Activity: Below are records to repeat exactly; do not include any pictures.

Excerpted data:
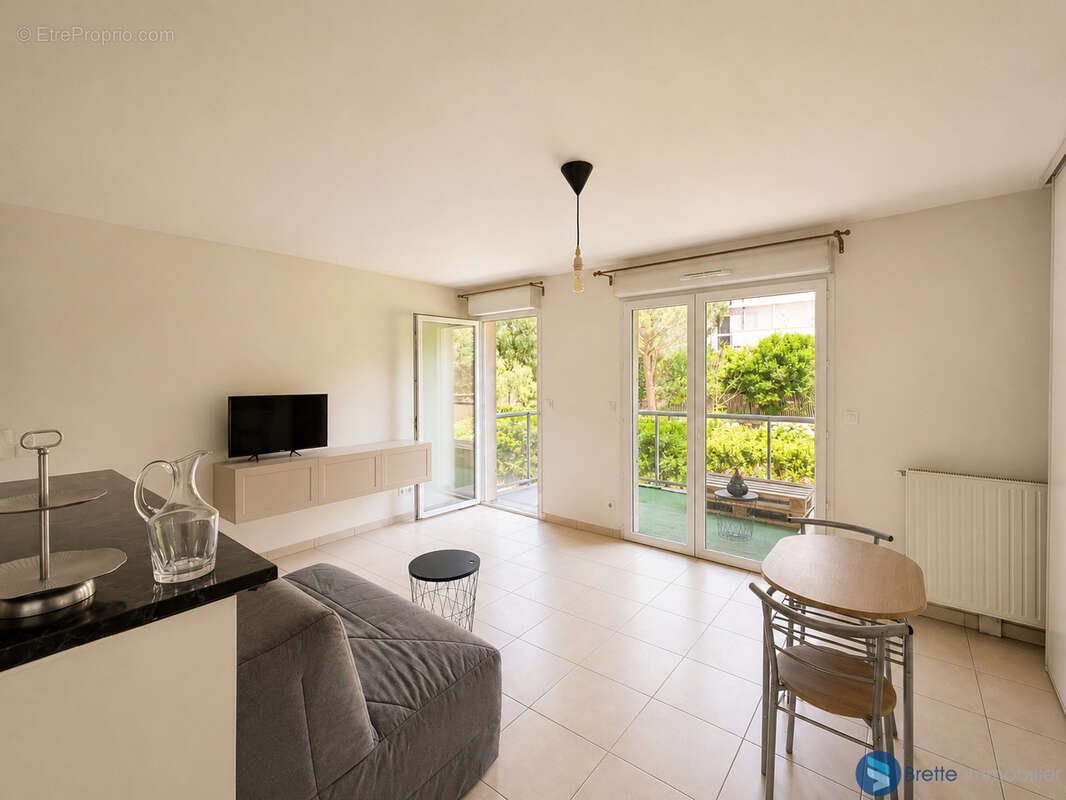 Appartement à LA VALETTE-DU-VAR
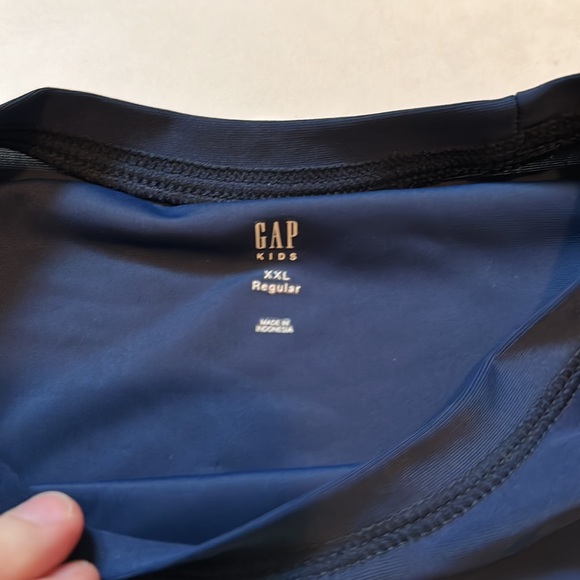 Gap Just Chillin’ long sleeve swim shirt - Picture 3 of 7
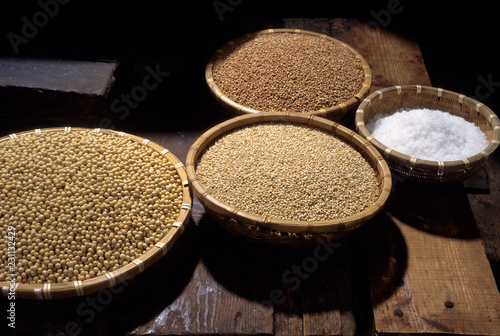 醤油作りの原料、大豆、小麦、大麦、塩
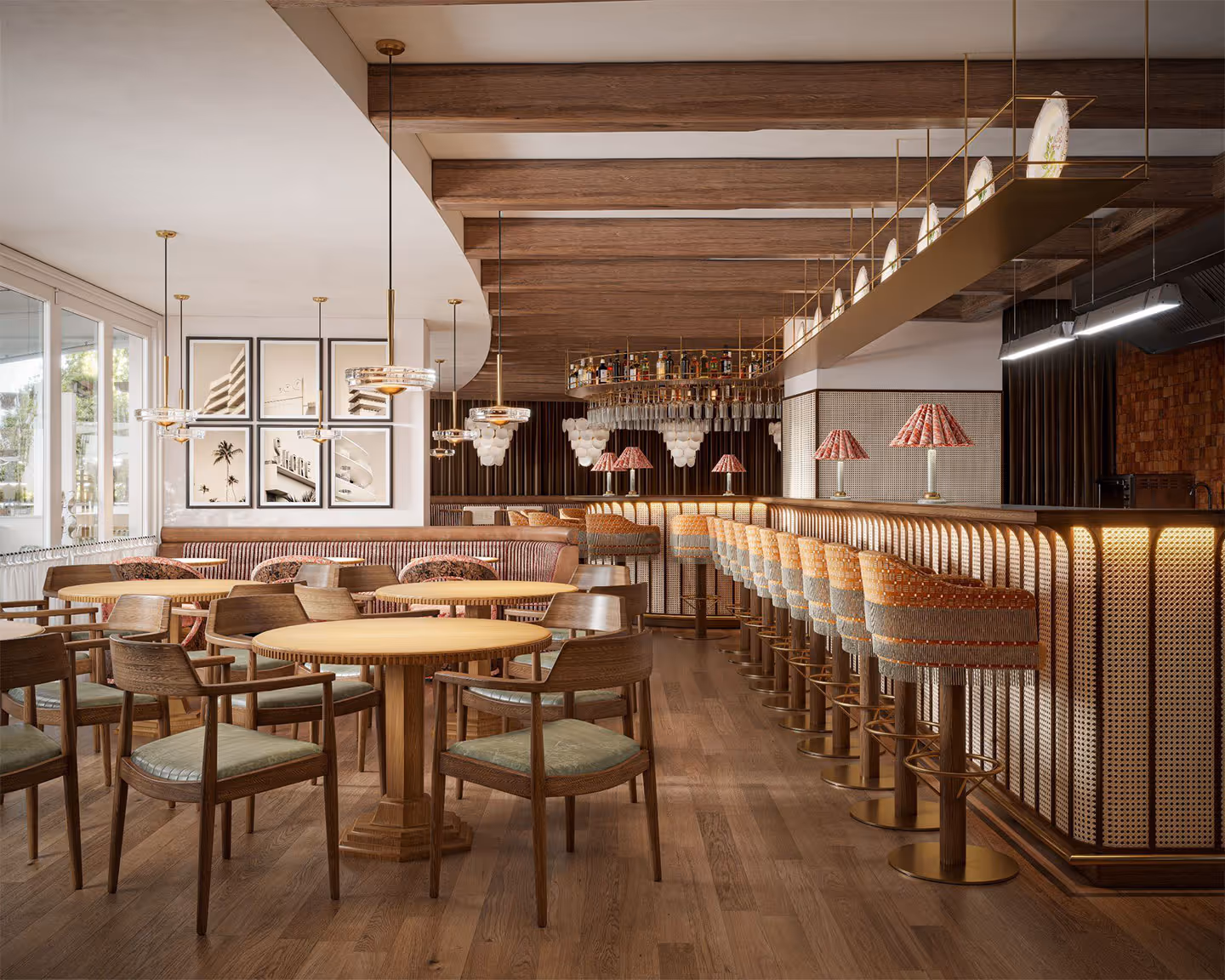 Overview of the restaurant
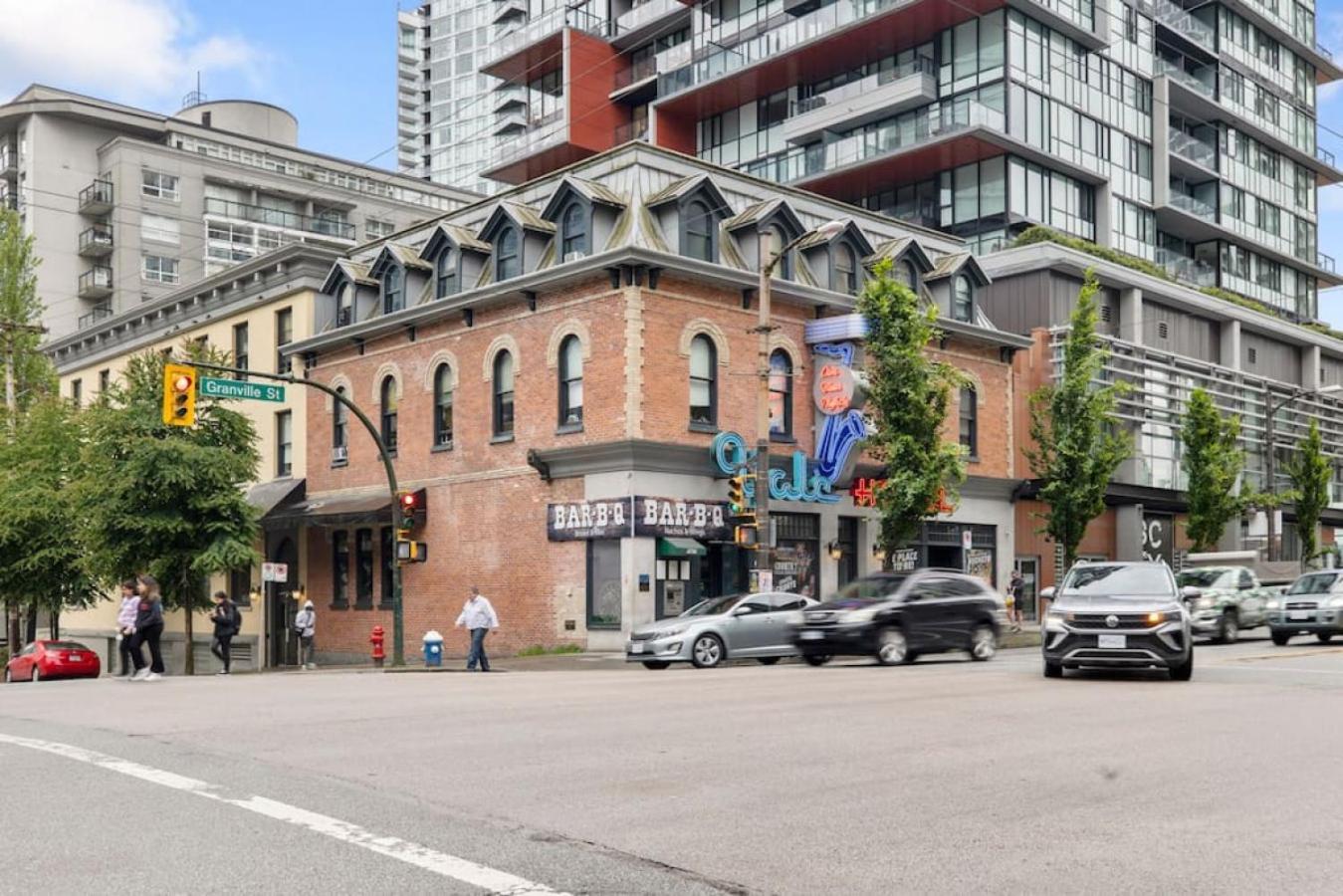 Top Floor Unit On Granville Strip Yaletown Area * Vancouver
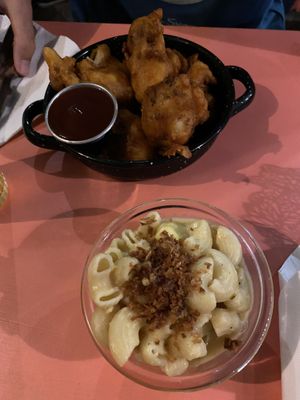 Cauliflower bbq Wings & Mac n cheese   at Vegan Junkies in Lisbon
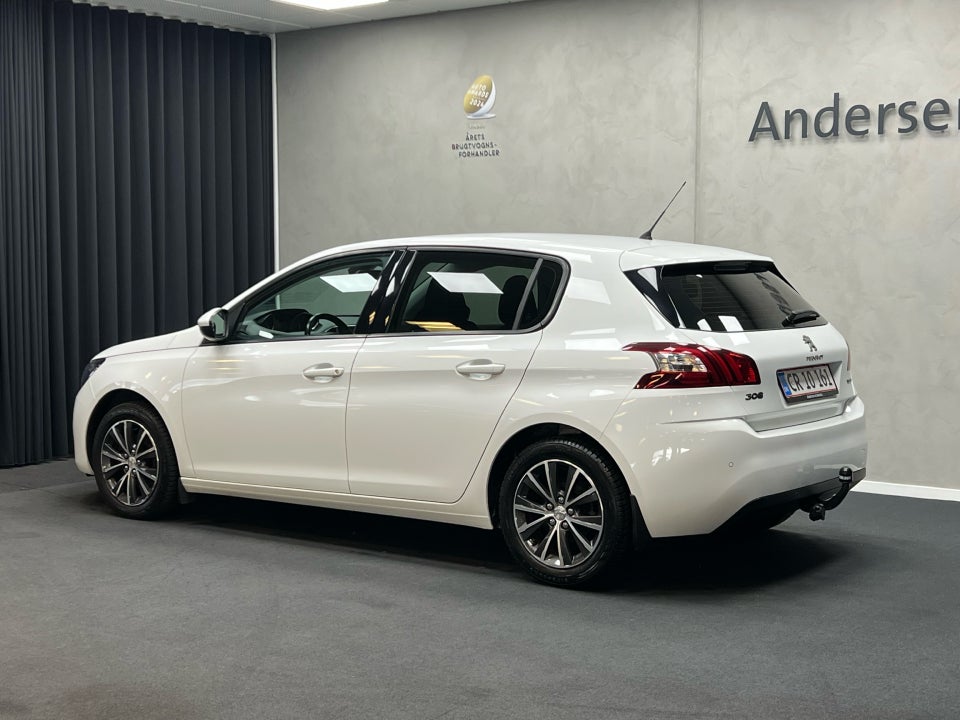 Peugeot 308 1,6 BlueHDi 120 Allure 5d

Answer below:
 Appartement à LA VALETTE-DU-VAR
 Gap Just Chillin’ long sleeve swim shirt - Picture 3 of 7
 醤油作りの原料、大豆、小麦、大麦、塩
 Overview of the restaurant
 Top Floor Unit On Granville Strip Yaletown Area * Vancouver
 Cauliflower bbq Wings & Mac n cheese   at Vegan Junkies in Lisbon
 Peugeot 308 1,6 BlueHDi 120 Allure 5d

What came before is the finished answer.